_EXERCISE OBJECTIVE:_ Copy only the lines from the one with "gray dog/cat bed with ribbed texture" through the end of the records, exactly as they stand. No pictures belong in the copy.

_INFORMATION SHOWN:_
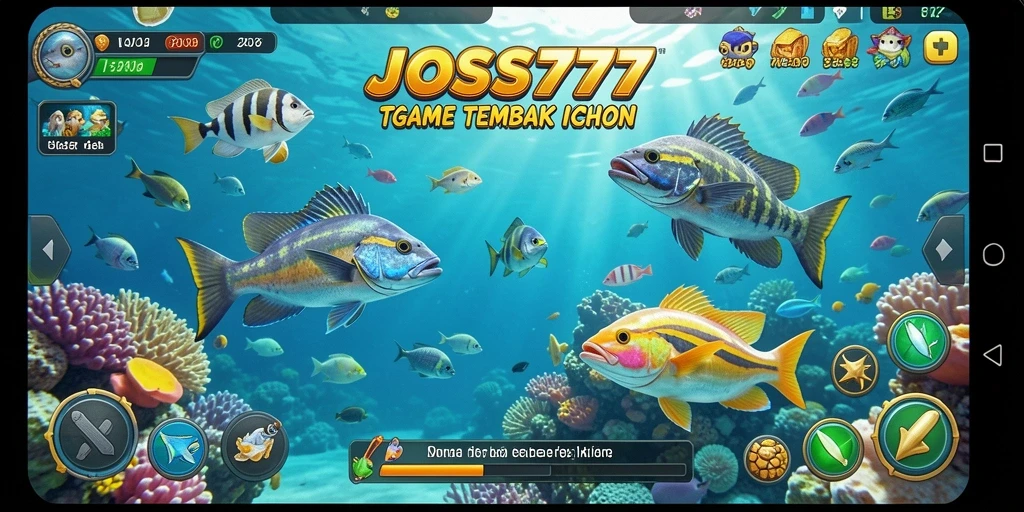 Tampilan gameplay seru JOSS777 saat menembak ikan.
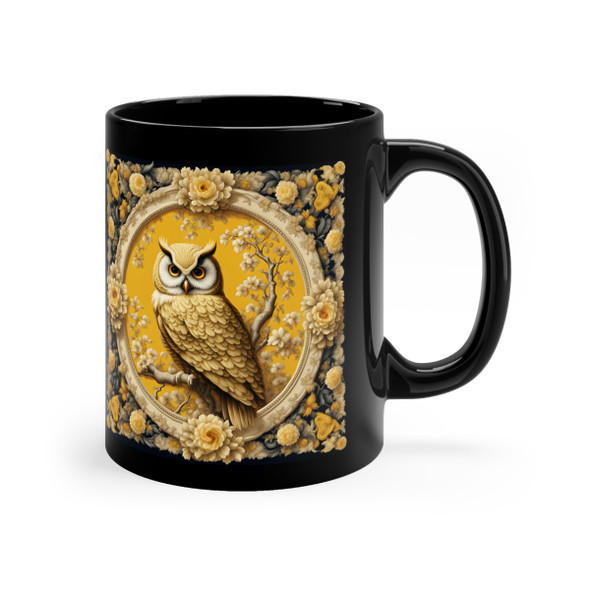 Golden Owl on Black Coffee or Tea Mug. Gorgeous tapestry style design. 11oz Black Mug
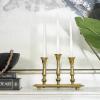 imageDeco 79 Aluminum Metal 3 Candle Candelabra with Candle Plate 12quot x 6quot x 9quot GoldGold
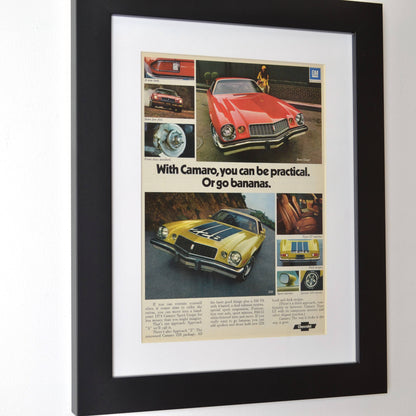 1974 Chevrolet Camaro z28 nostalgia print ad side view, framed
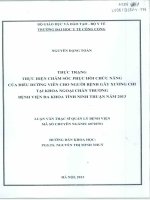 Thực trạng thực hiện chăm sóc phục hồi chức năng của điều dưỡng viên cho người bệnh gãy xương chi tại khoa ngoại chấn thương bênh viện đa khoa tỉnh Ninh Thuận năm 2013
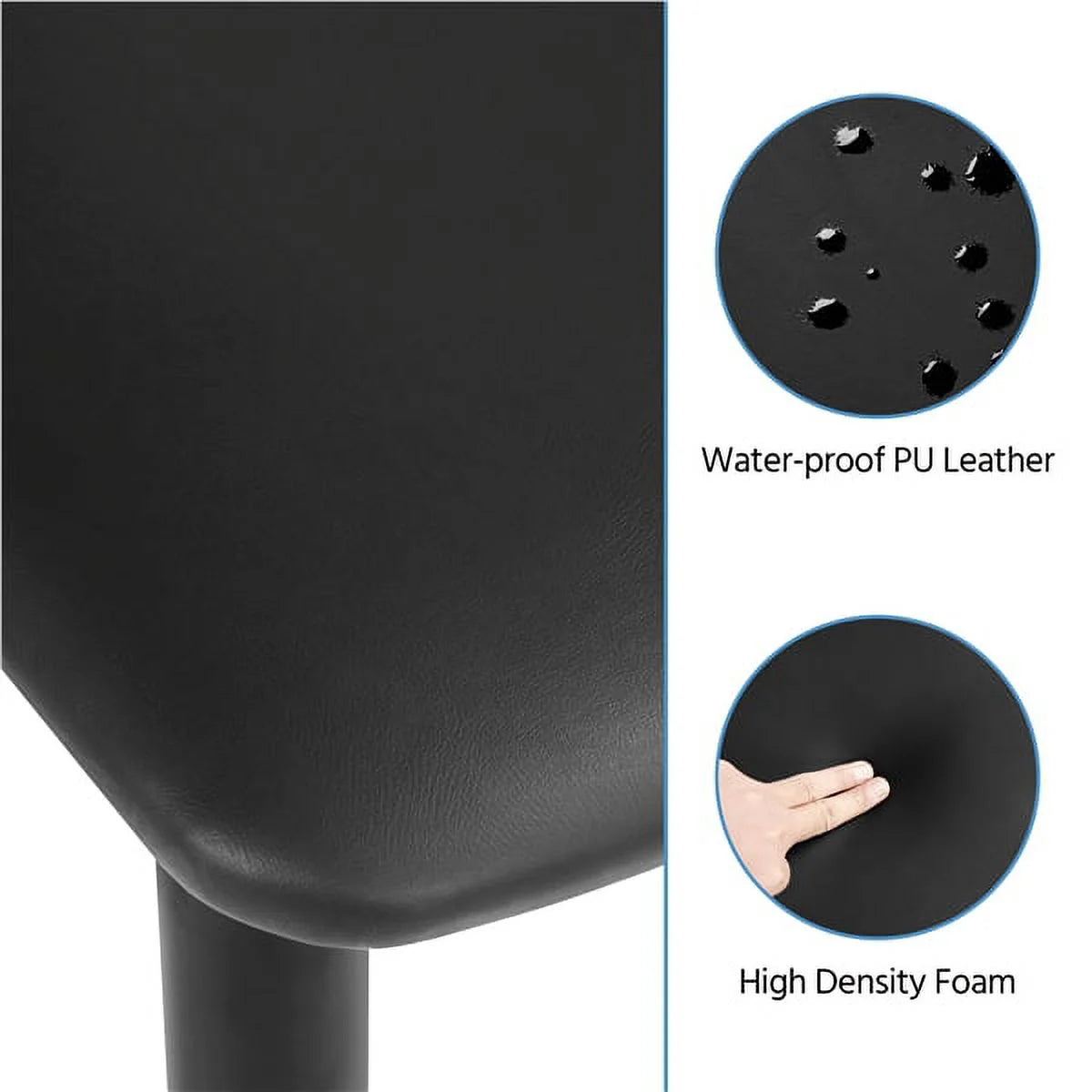 Black Faux Leather Armless Dining Chairs Set of 2 G740003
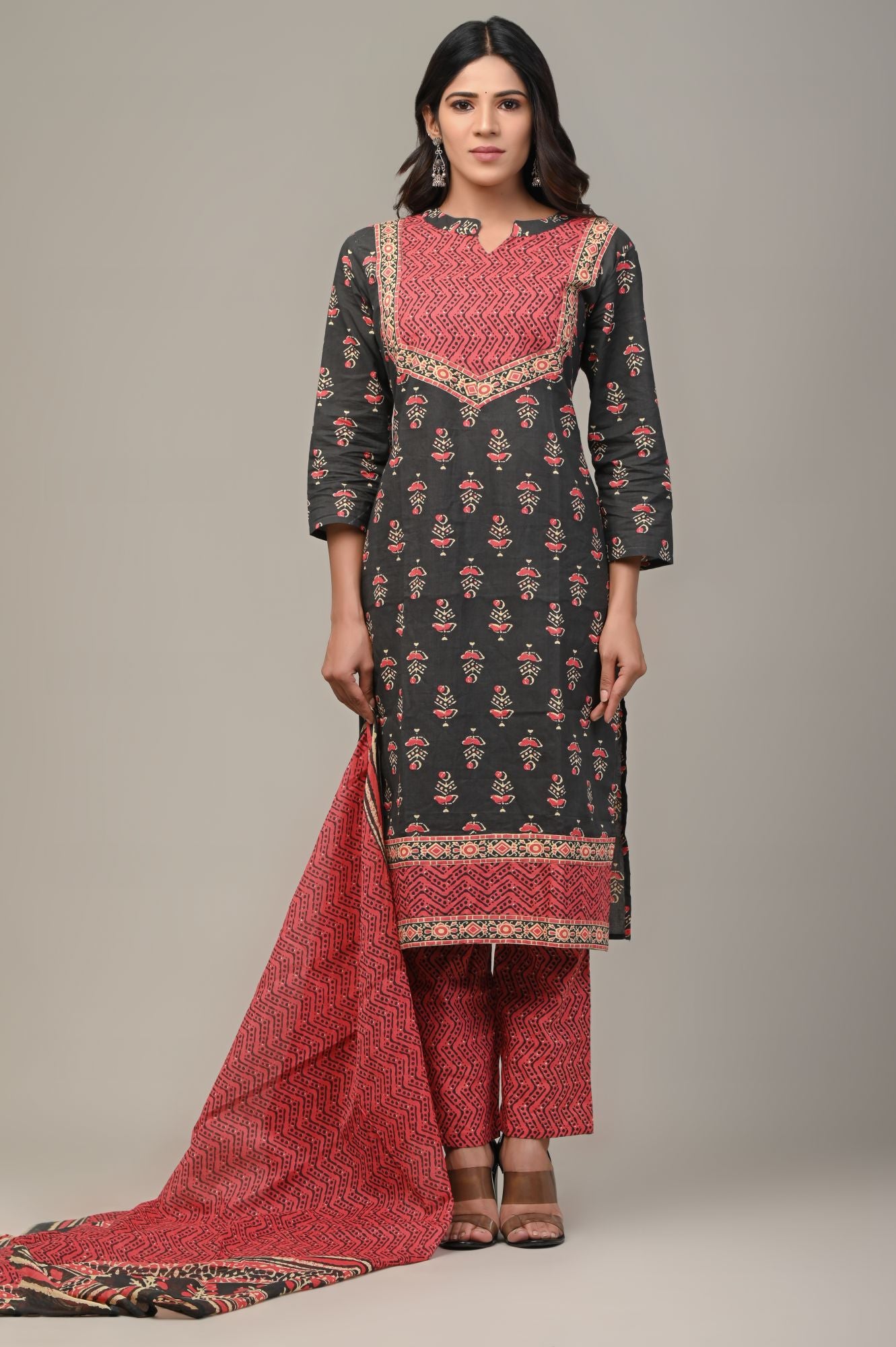 COTTON PRINTED BLACK KURTA SET WITH DUPATTA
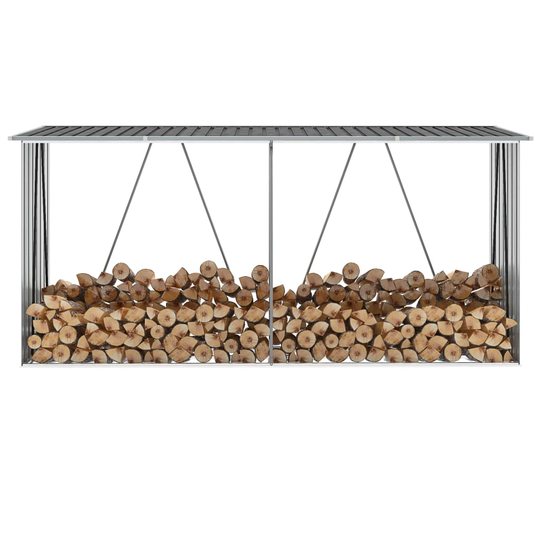 vidaXL Vedskjul galvaniserat stål 330x84x152 cm antracit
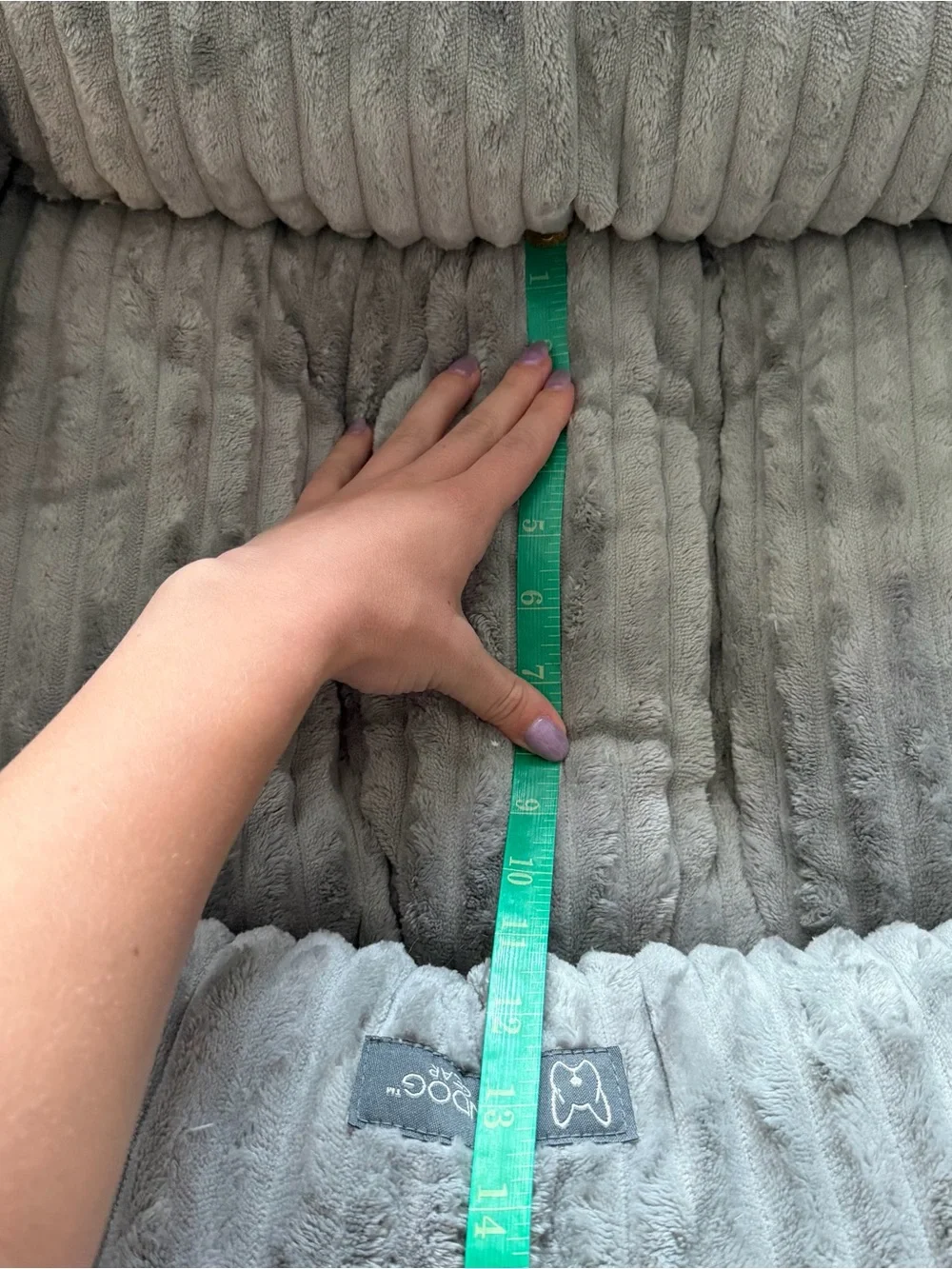 gray dog/cat bed with ribbed texture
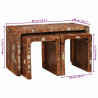 Stolik Nesting 3 pcs Brązowy Lite Drewno Recyklingowe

_SOLUTION TO THIS EXERCISE:_
 gray dog/cat bed with ribbed texture
 Stolik Nesting 3 pcs Brązowy Lite Drewno Recyklingowe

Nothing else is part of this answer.